The report cited the recent seizure of US$1.1 billion worth of methamphetamine, which was outbound from Vancouver and intended for consumers in Australia. It was the Canadian Border Services Agency’s largest methamphetamine seizure on record. With the establishment of the Mexico-to-Vancouver CPKC railroad link, the city has become a stopover point for shipments of Mexican meth to the lucrative Australian market, according to the report.
“We know there is a level of corruption. And the sophistication of the large criminal groups is high. They will open a legit company, run products through the port legally for several years, then transition to illegal import when they are off the radar,” one senior officer with the RCMP’s Federal and Serious Organized Crime division told the investigators.

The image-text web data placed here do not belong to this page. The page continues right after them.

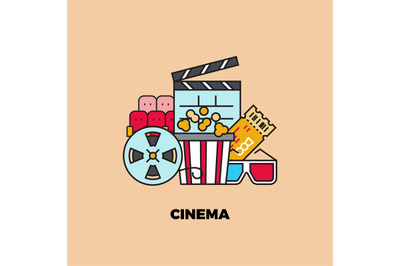 Online cinema. Web movie service concept, internet channel. Line popco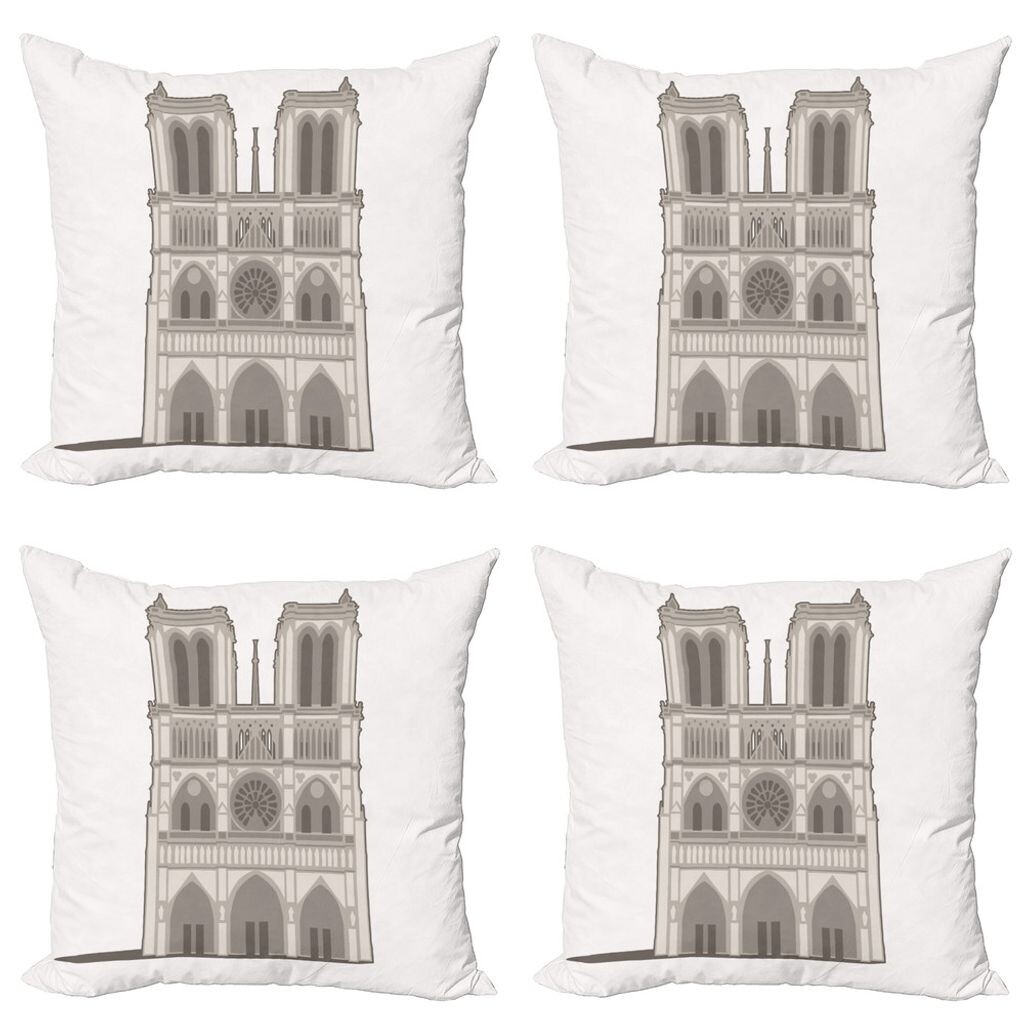 

ABAKUHAUS Notre Dame de Paris Набор чехлов для подушек (4 предмета), Sole Picture Art, современная двусторонняя цифровая печать, 40 см x 40 см, темно-серый, бледно-серый, яичная скорлупа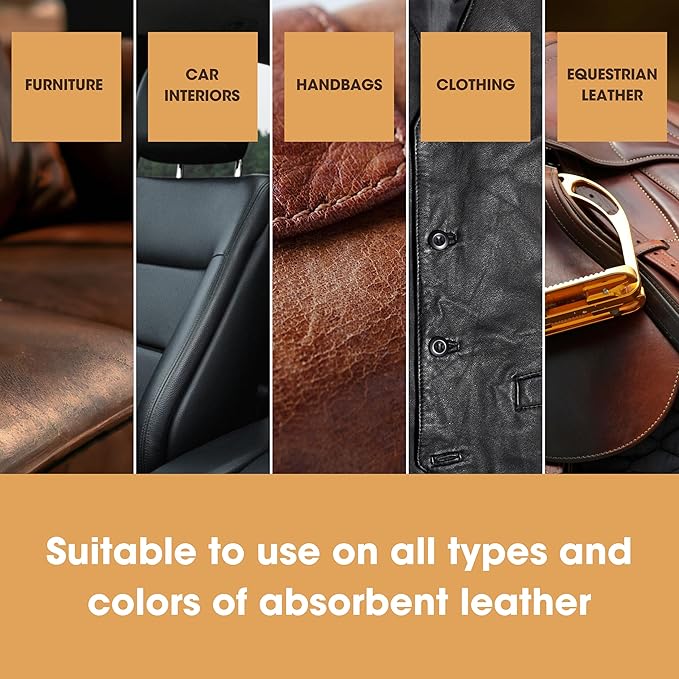 Furniture Clinic Leather Easy Restoration Kit | with Leather Recoloring Balm, Cleaner, Sponge, and Cloth | Repair Kit for Scratched and Faded Furniture (Dark Brown)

The report calls for “dedicated police resources” to fight crime at Deltaport and other Canadian terminals, including both frontline law enforcement and investigative teams. It also calls for strengthening the security screening procedure for longshoremen and other port employees. When compared to the United States – where the post-9/11 background check process is extensive – Canada has a less strict screening process, and a criminal record is not necessarily an impediment for hiring.
“Without adequate funding for policing and security at our ports, criminal activity has run rampant with increases in the trafficking of drugs like fentanyl. It is imperative that we take concerted and strategic action to fortify our ports, protect our communities, and preserve our nation’s security,” said Harvie in a statement.